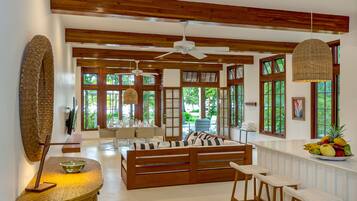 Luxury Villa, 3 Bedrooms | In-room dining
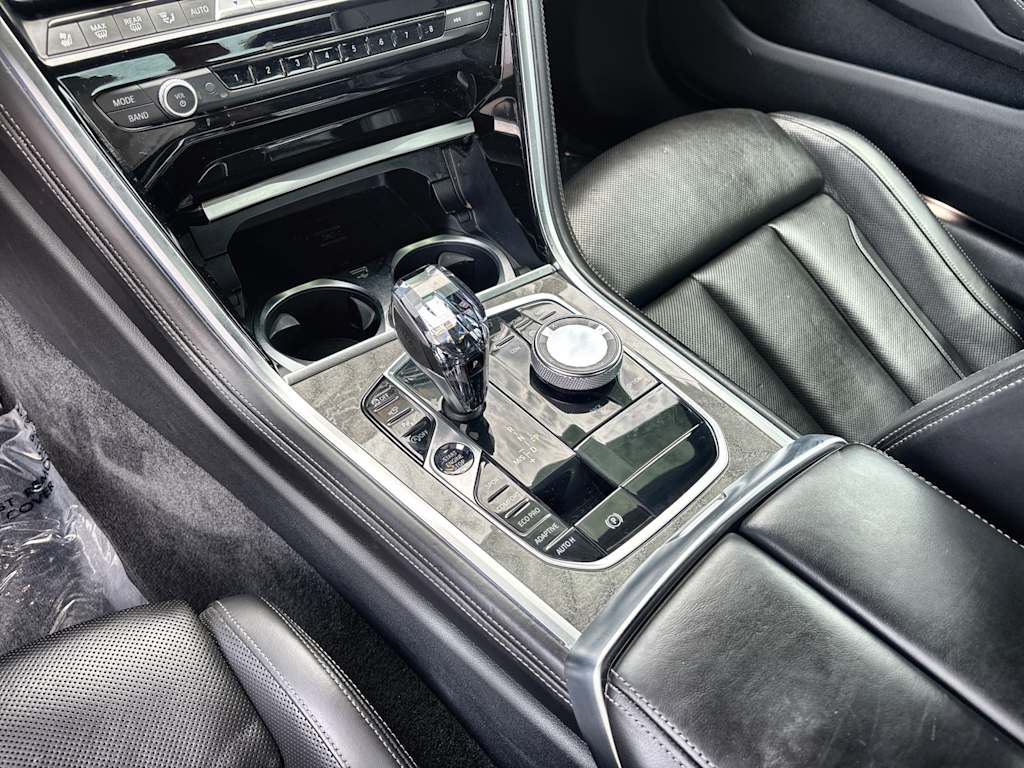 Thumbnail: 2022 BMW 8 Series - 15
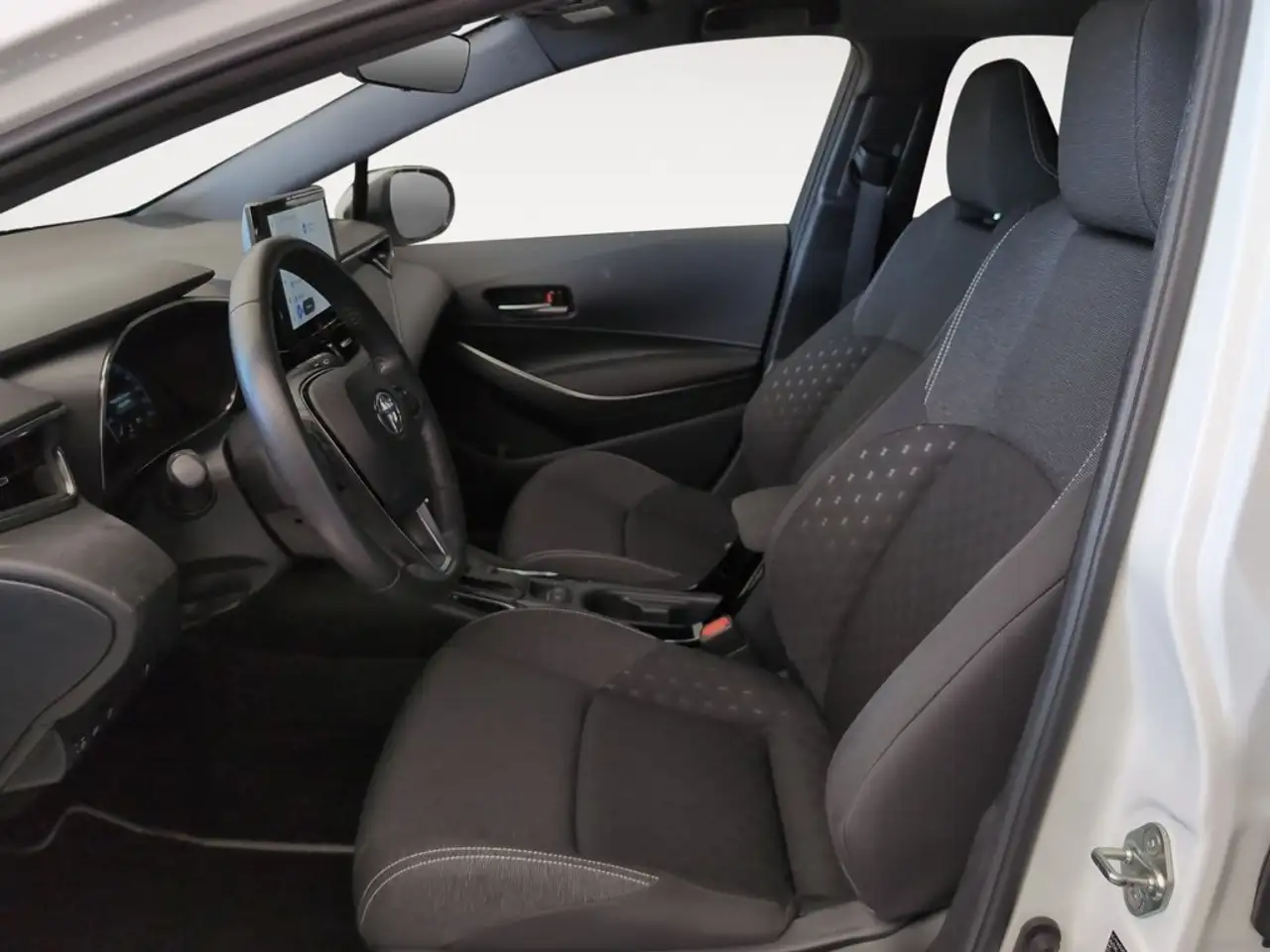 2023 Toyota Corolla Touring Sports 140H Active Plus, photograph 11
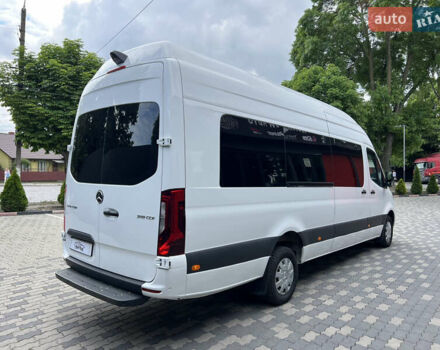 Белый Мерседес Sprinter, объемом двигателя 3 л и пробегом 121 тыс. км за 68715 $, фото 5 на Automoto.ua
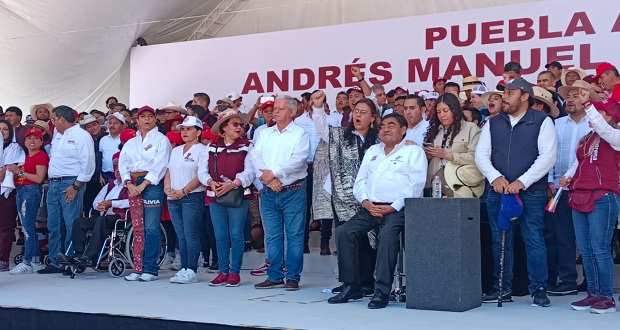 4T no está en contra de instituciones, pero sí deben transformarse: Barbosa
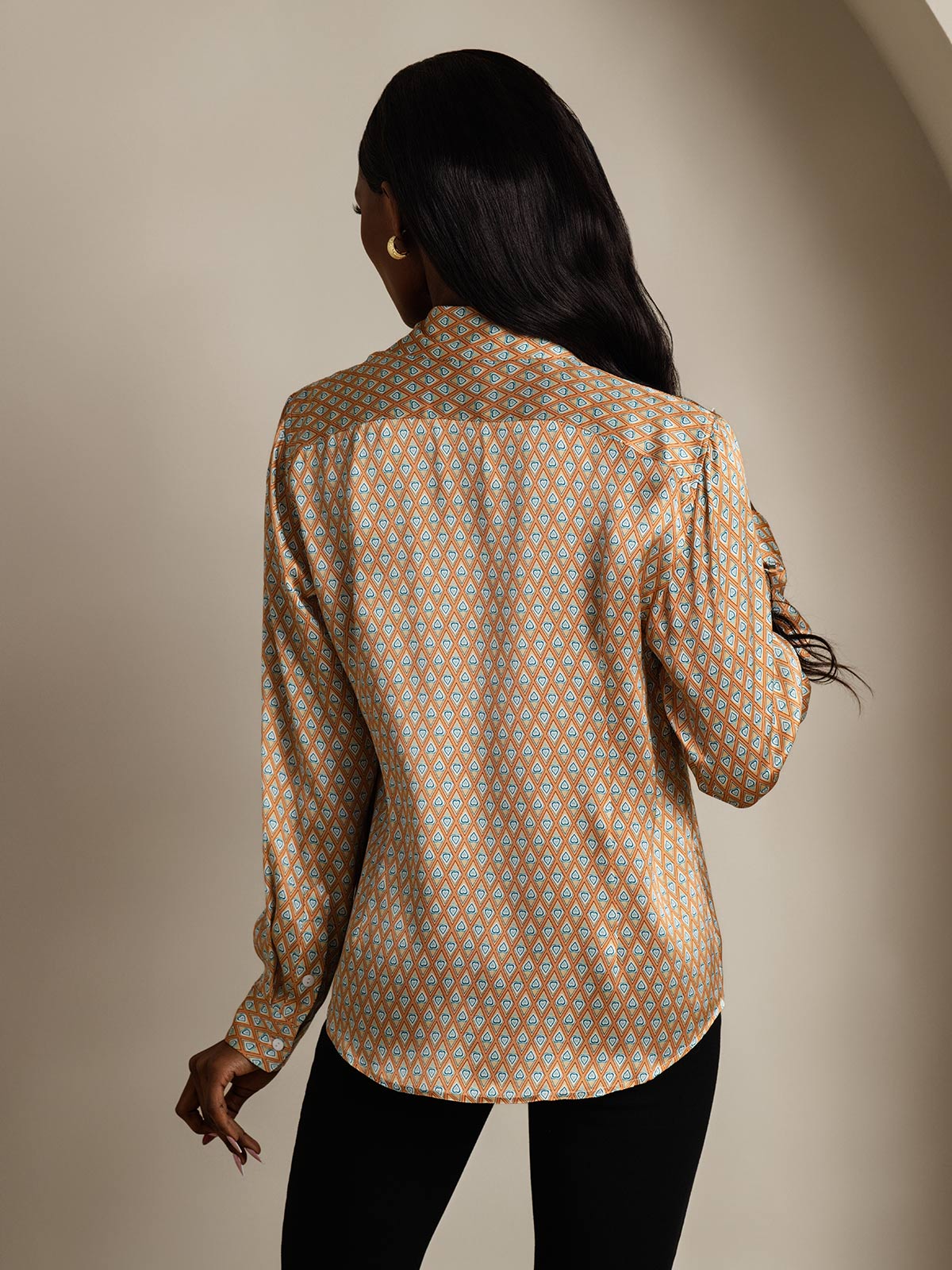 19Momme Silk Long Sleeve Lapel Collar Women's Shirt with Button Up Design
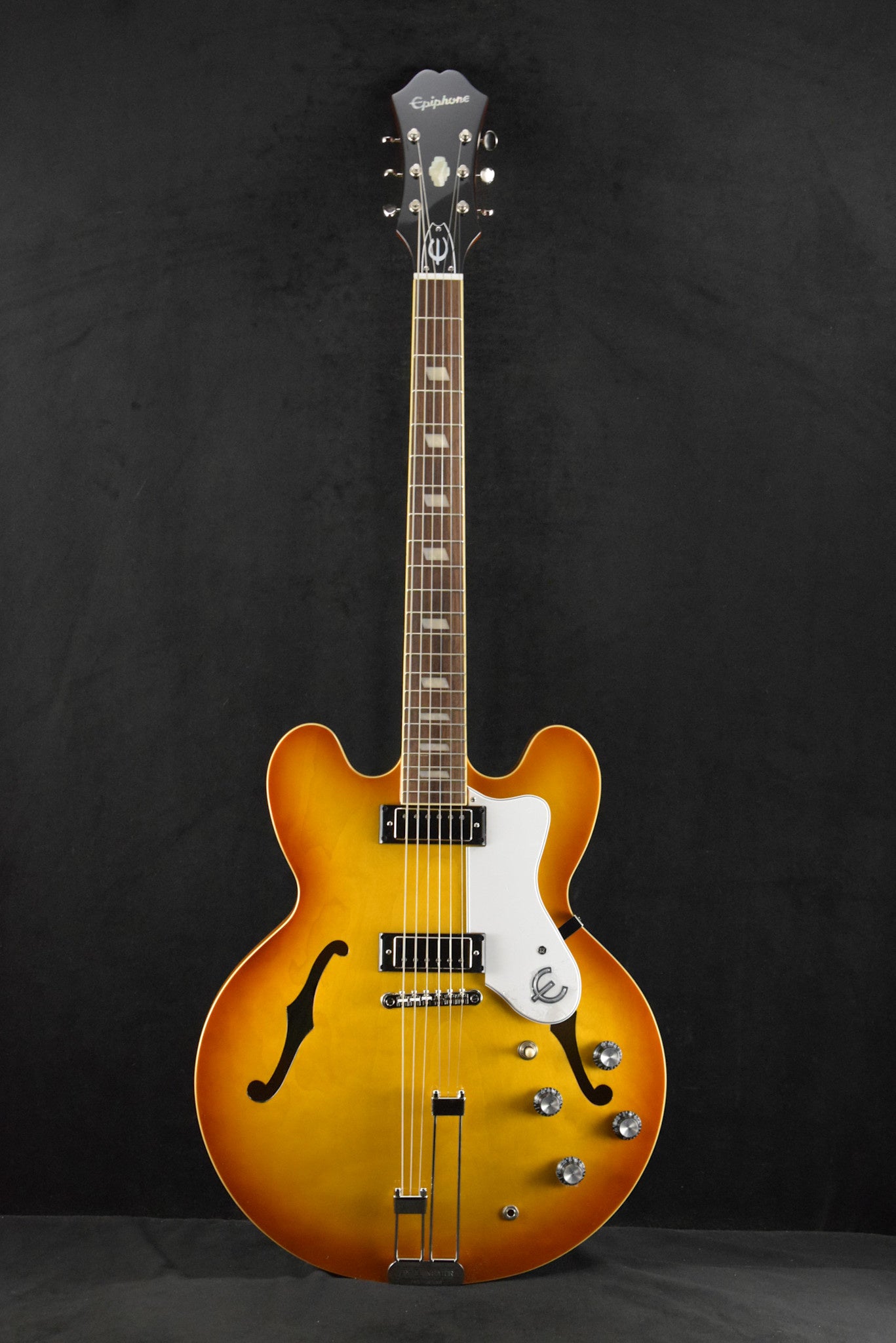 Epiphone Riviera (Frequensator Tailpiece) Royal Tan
====
## WHAT IS EXPECTED
The line containing "19Momme Silk Long" and every line after it, through the end of the material above, are to be printed exactly; no pictures belong in the output.

## FINISHED EXERCISE
 19Momme Silk Long Sleeve Lapel Collar Women's Shirt with Button Up Design
 Epiphone Riviera (Frequensator Tailpiece) Royal Tan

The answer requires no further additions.